__Work request__: Of the lines in the material below, print only those from the one containing "grandmother. Angry\" to the one containing "2600 Rosebud Ct, Prince", ends included, exactly as written and without pictures.

__Provided records__:

================================

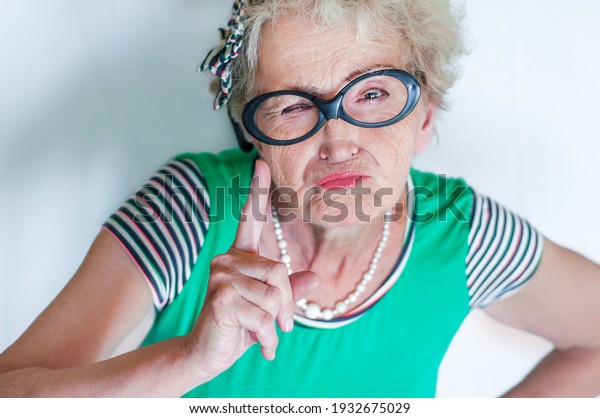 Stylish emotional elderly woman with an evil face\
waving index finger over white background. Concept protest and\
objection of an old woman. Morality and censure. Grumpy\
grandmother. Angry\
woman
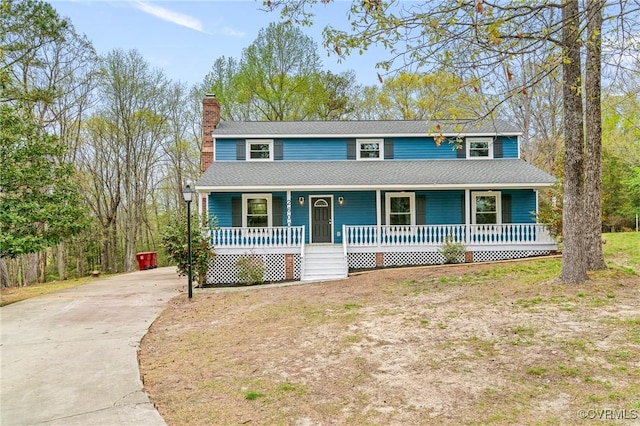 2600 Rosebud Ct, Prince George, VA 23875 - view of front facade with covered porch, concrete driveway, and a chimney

================================

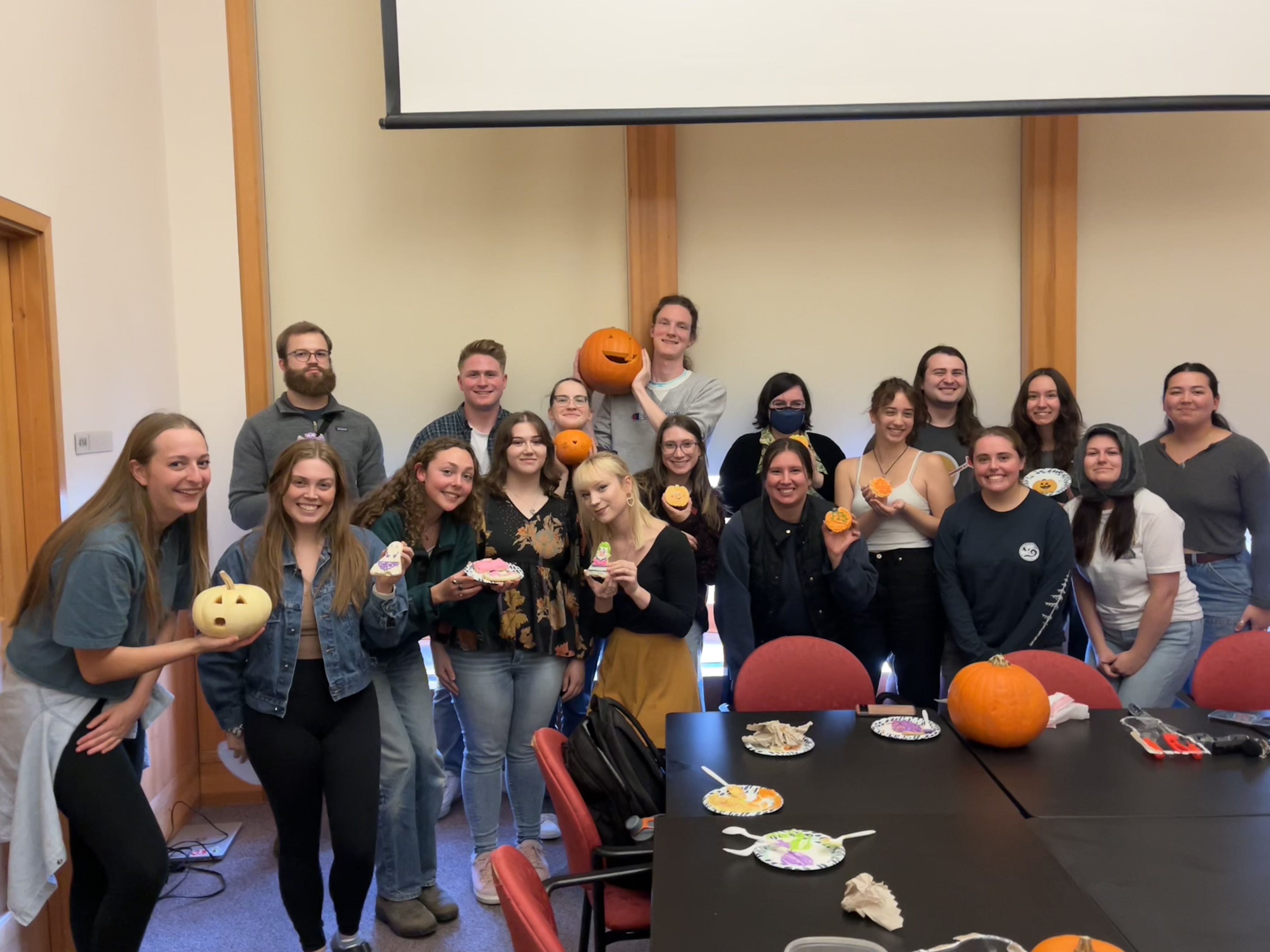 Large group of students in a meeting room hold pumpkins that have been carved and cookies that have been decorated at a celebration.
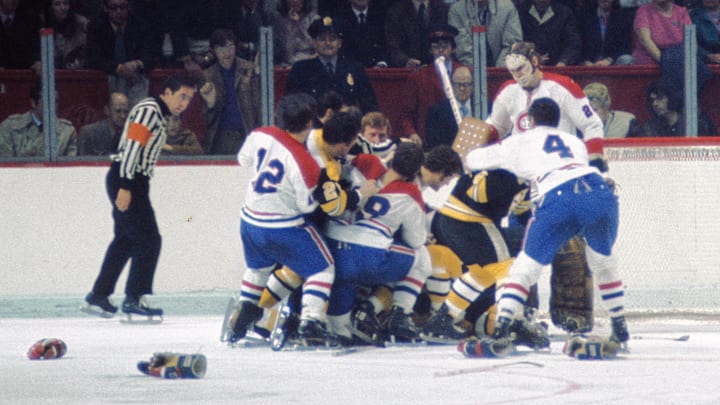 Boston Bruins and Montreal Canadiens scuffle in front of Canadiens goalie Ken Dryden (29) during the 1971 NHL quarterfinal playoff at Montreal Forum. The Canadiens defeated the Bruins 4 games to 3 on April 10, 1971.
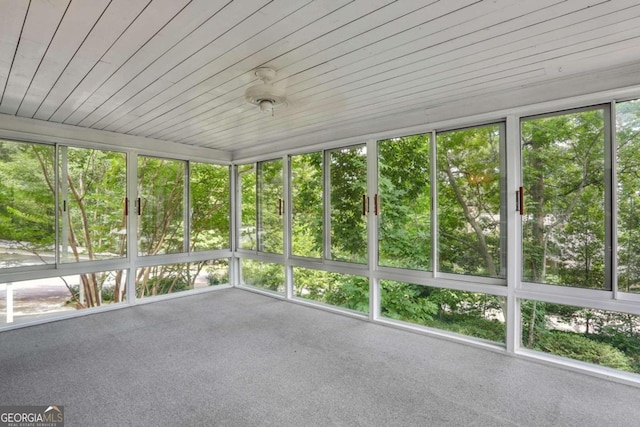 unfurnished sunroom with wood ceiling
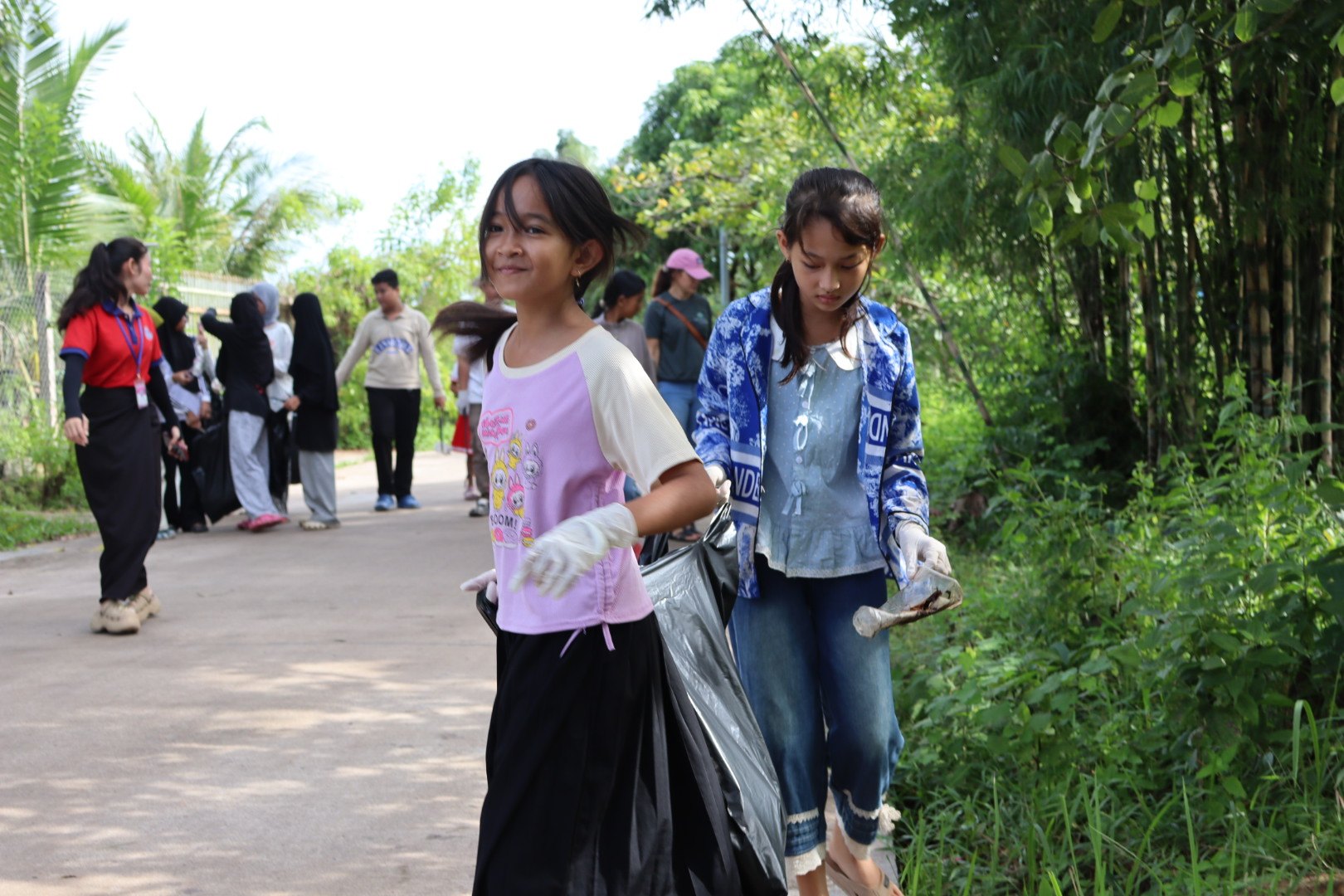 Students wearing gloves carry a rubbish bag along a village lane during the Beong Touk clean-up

================================

__Result of this exercise__:
grandmother. Angry\
woman
 2600 Rosebud Ct, Prince George, VA 23875 - view of front facade with covered porch, concrete driveway, and a chimney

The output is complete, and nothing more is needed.